Alle grida della infelice, che indarno il Conti cercava
reprimere, accorsero il padre e un vecchio servo; ma nulla poterono fare in sua
difesa, perché gli altri banditi li trattennero finché l’orribile misfatto fu
consumato. Né basta: i cinque compagni del Conti vollero pur essi possedere la
disgraziata giovinetta, che fu così ludibrio di tutti quanti sotto gli occhi
del genitore.
Incominciava ad albeggiare, quando l’oscena masnada lasciò
la preda: non c’era tempo da perdere: legarono il padre ed il domestico, e
frugando alla lesta, poiché il tempo incalzava, non riuscirono a trovare che
una trentina di scudi, coi quali fuggirono dal teatro delle loro turpi gesta.
Francesco Conti tornò, come se nulla di nulla avesse fatto,
al suo negozio, dove dietro denuncia del Fontana, fu sull’imbrunire arrestato.
Sottoposto a processo tentò sulle prime di negare; ma la
testimonianza dell’Elvira lo schiacciava e incominciò col confessare lo stupro
della fanciulla, dicendo però di non aver fatto parte della banda, che abusò
poi di lei e rubò i trenta scudi. E in questo proposito fu irremovibile. Tutti
i tentativi per fargli declinare i nomi dei complici riuscirono frustranei.

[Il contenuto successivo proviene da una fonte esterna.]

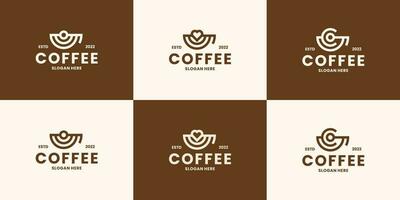 kaffe kopp med kärlek logotyp design retro stil vektor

Fu nondimeno condannato alla forca, senza altro inasprimento
di pena e io lo impiccai a Città di Castello, la mattina del 26 aprile 1803,
dopo che fu ben confessato e confortato religiosamente, essendosi mostrato
pentito del suo delitto. Morì coraggiosamente e la sua salma venne tosto
distaccata dai parenti e portata al paese, ove le diedero onorata sepoltura.